Take today's to-do list: Chaperone the 2nd-grade field trip to the Olmsted County History Center. Write the end-of-program report for an arts grant. Answer reader mail from last week's column. Stress out over my sons' class sizes, and daydream about starting my own private school. Clean the bathroom, which was recently hit by Hurricane Christian and Bergen (and, yes, Hurricane Jen). Do the dishes. Wonder if it's going to rain like they say it will before hauling out the hose for the potatoes I finally planted yesterday.
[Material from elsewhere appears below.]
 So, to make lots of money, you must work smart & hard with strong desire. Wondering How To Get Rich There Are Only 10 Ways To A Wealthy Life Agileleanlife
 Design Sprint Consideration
Attend a school volunteer dessert, which I really have no time to squeeze in -- except that it's DESSERT. Run to OfficeMax when I realize I'm out of the paper AND the ink I need in order to -- oh yeah -- work.

That last line best describes how my days have felt lately: "Oh yeah -- work." It's always the easiest thing to put off, isn't it?

Today, work entails tweaking an essay I wrote earlier in the semester. I have to send it to VCFA today in order to make my next workshop deadline. (A "workshop" is a session in which a writer sits in a room with a dozen other writers, listening to them talk about the pros and cons of his/her story or essay. Did I mention that the writer -- in this case, me -- isn't allowed to speak?)

I'm sending a piece titled, "After". The essay, which currently stands at 22 pages (but must miraculously top out at 20 by 4 p.m.!), intertwines two unrelated stories -- one of which explores how my grandmother is coping with my grandfather's death. I'll include a small excerpt at the end of this post.

Which, it turns out, is where we are now. (As much as I've stalled, it turns out that essay isn't going to trim itself into a tidy 20 pages....)

Wishing you the peace -- or the controlled chaos -- you long for! I've found that either option is fantastic, really, in its own way.



An excerpt from AFTER
My grandma and I take the boys to the zoo. We're checking out the blowfish when my grandma calls out in pain and grabs her arm.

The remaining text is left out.